- _WHAT IS NEEDED_
Images excepted, the data below must be repeated exactly.

- _DATA SHOWN_
◆ ◆ ◆ ◆ ◆ ◆ ◆

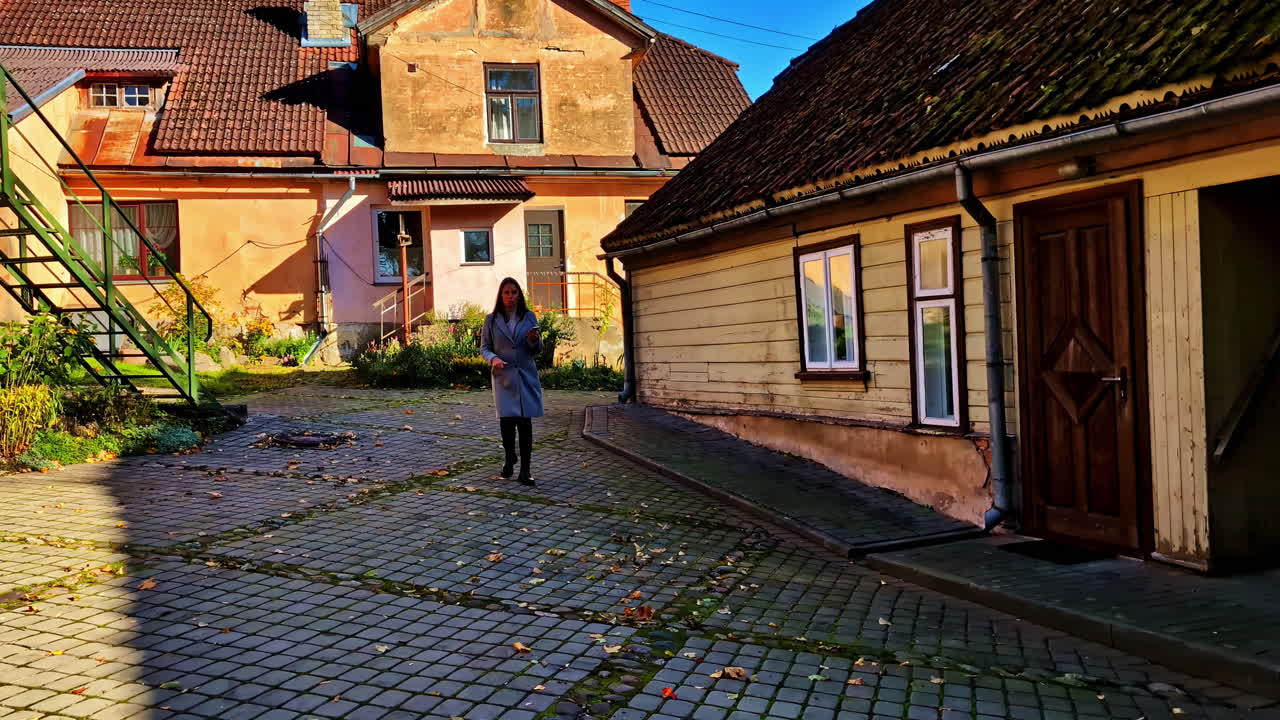 A woman walks through a quiet cobblestone courtyard surrounded by old wooden and brick homes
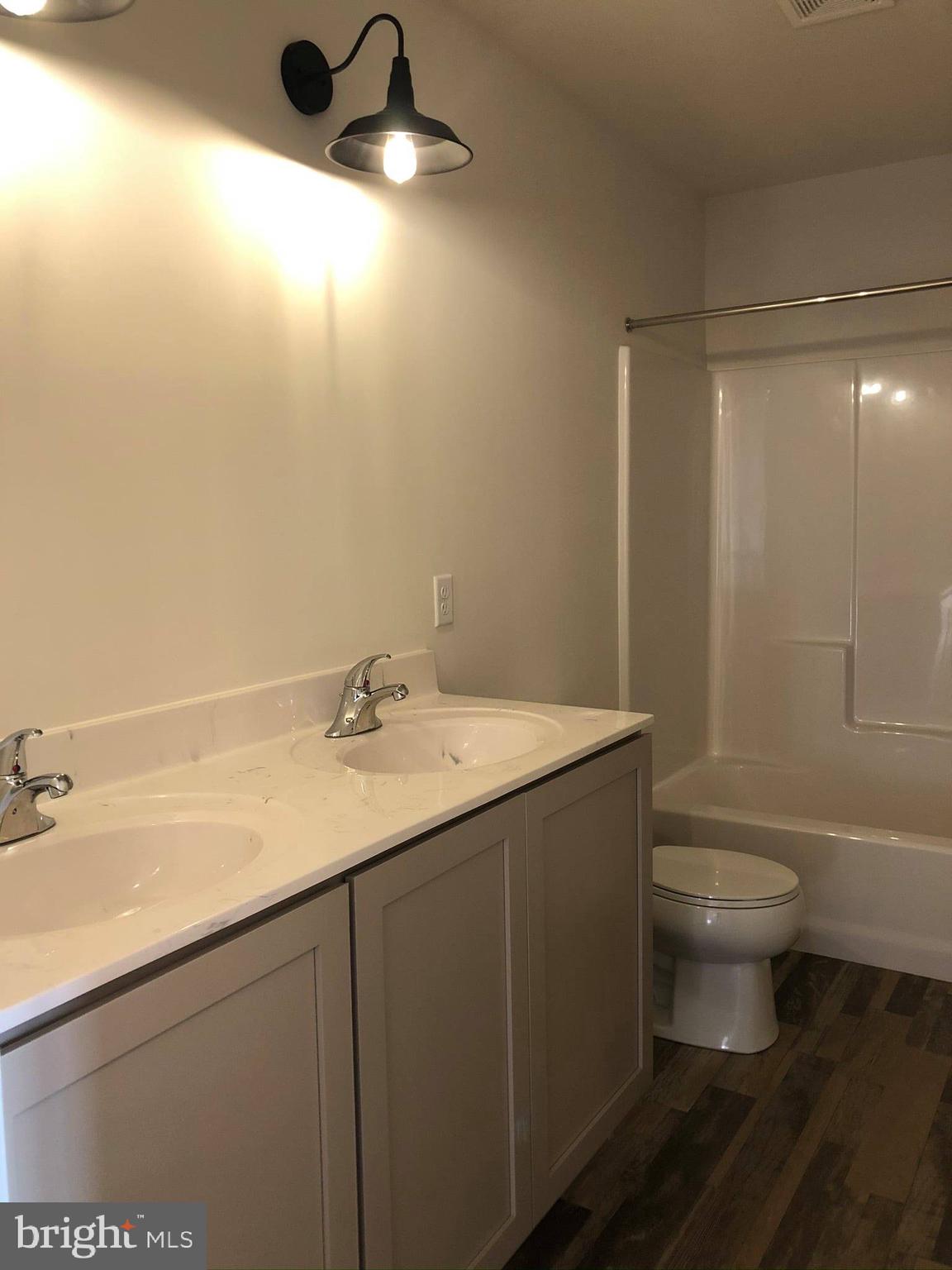 2825 Egypt Road Audubon, PA 19403 - Photo 36 of 41 a bathroom with a sink and a toilet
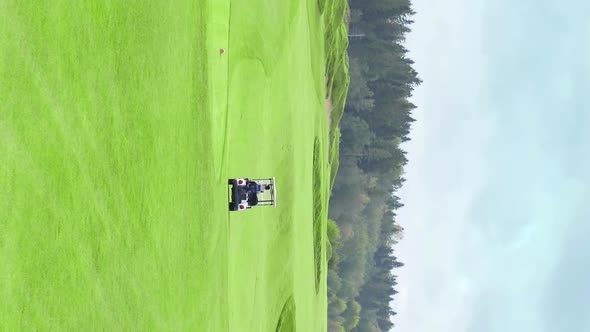 Vertical Shot of Golf Card Riding Across Green Lawn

◆ ◆ ◆ ◆ ◆ ◆ ◆

- _SOLUTION BELOW_
 A woman walks through a quiet cobblestone courtyard surrounded by old wooden and brick homes
 2825 Egypt Road Audubon, PA 19403 - Photo 36 of 41 a bathroom with a sink and a toilet
 Vertical Shot of Golf Card Riding Across Green Lawn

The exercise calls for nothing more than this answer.